It seems you need a centralized place to store your data which can be accessed by any number of different objects (Qt objects, numpy objects, it makes no difference). My suggestion is the Singleton pattern. I'll make a small experiment using Alex Martelli Borg implementation but check this resource (Python 3 Patterns, Recipes and Idioms) to see a few different examples.
I think the easiest way to explain a Singleton is the following: when you instantiate the same object multiple times (for instance a QWidget), each instance will refer to a different object. So if you make a change in one instance it will not affect the others (generally speaking). The Singleton works differently. Every single instance you make refers to the same object. Check the following example:
import numpy as np
class Singleton:
"""Alex Martelli implementation of Singleton (Borg)
http://python-3-patterns-idioms-test.readthedocs.io/en/latest/Singleton.html"""
_shared_state = {}
def __init__(self):
self.__dict__ = self._shared_state
class Database(Singleton):
def __init__(self):
Singleton.__init__(self)
def get(self):
return self._data
def change(self):
# Just arbitrary experiment of changing the data
self.load()
def load(self):
# For example from csv or binary files using
# np.genfromtxt or np.fromfile
self._data = np.random.randint(0, 10, (3, 3))
With the code above I've just created my "Database" object. Every time I call this database and ask for its data it will return me the same. Notice how I'm making a randomized numpy array as data. Let's say I create two new objects:
class SomeObject:
def __init__(self):
self._something = None
def doSomething(self):
db = Database()
print(db.get())
class OtherObject:
def __init__(self):
self._othersomething = None
def doOtherSomething(self):
db = Database()
print(db.get())
Both call an instance of the Database. But will they refer to the same data? Lets check:
# Loading data into Singleton
db = Database()
db.load()
# Creating a couple of different objects
so = SomeObject()
oo = OtherObject()
# Making sure each object is calling the database
print("Original data in database:")
so.doSomething()
oo.doOtherSomething()
# Changing data in database
db.change()
# Checking the changes in both objects.
print("Changed data in database:")
so.doSomething()
oo.doOtherSomething()
The result is this:
Original data in database:
[[7 4 7]
[3 4 1]
[9 5 6]]
[[7 4 7]
[3 4 1]
[9 5 6]]
Changed data in database:
[[3 8 8]
[7 2 8]
[1 5 1]]
[[3 8 8]
[7 2 8]
[1 5 1]]
So both objects, creating their own instances of Database, obtain exactly the same data (which is randomized at the call of the load or change method). This is probably the most approachable (and maintainable) way of sharing data among different objects.

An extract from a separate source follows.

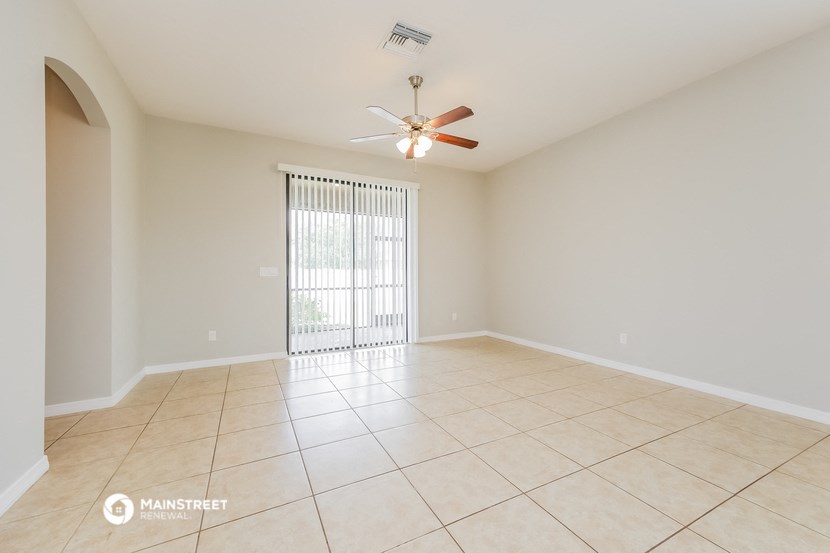 an empty living room with a ceiling fan and tile flooring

EDIT: To enable the database to understand if data has been loaded of not. Let's make a small modification to our Database class by adding the "hasData" method:
class Database(Singleton):
def __init__(self):
Singleton.__init__(self)
def get(self):
return self._data
def change(self):
# Just arbitrary experiment of changing the data
self.load()
def hasData(self):
return hasattr(self, "_data")
def load(self):
# For example from csv or binary files using
# np.genfromtxt or np.fromfile
self._data = np.random.randint(0, 10, (3, 3))
This method is asking if Database has already the attribute _data
or not. Let's make an experiment:
db = Database()
print(db.hasData())
db.load()
print(db.hasData())
Which results in:
False
True
Other variations could use the very first instantiation to load the data. This will depend greatly on the needs of your software.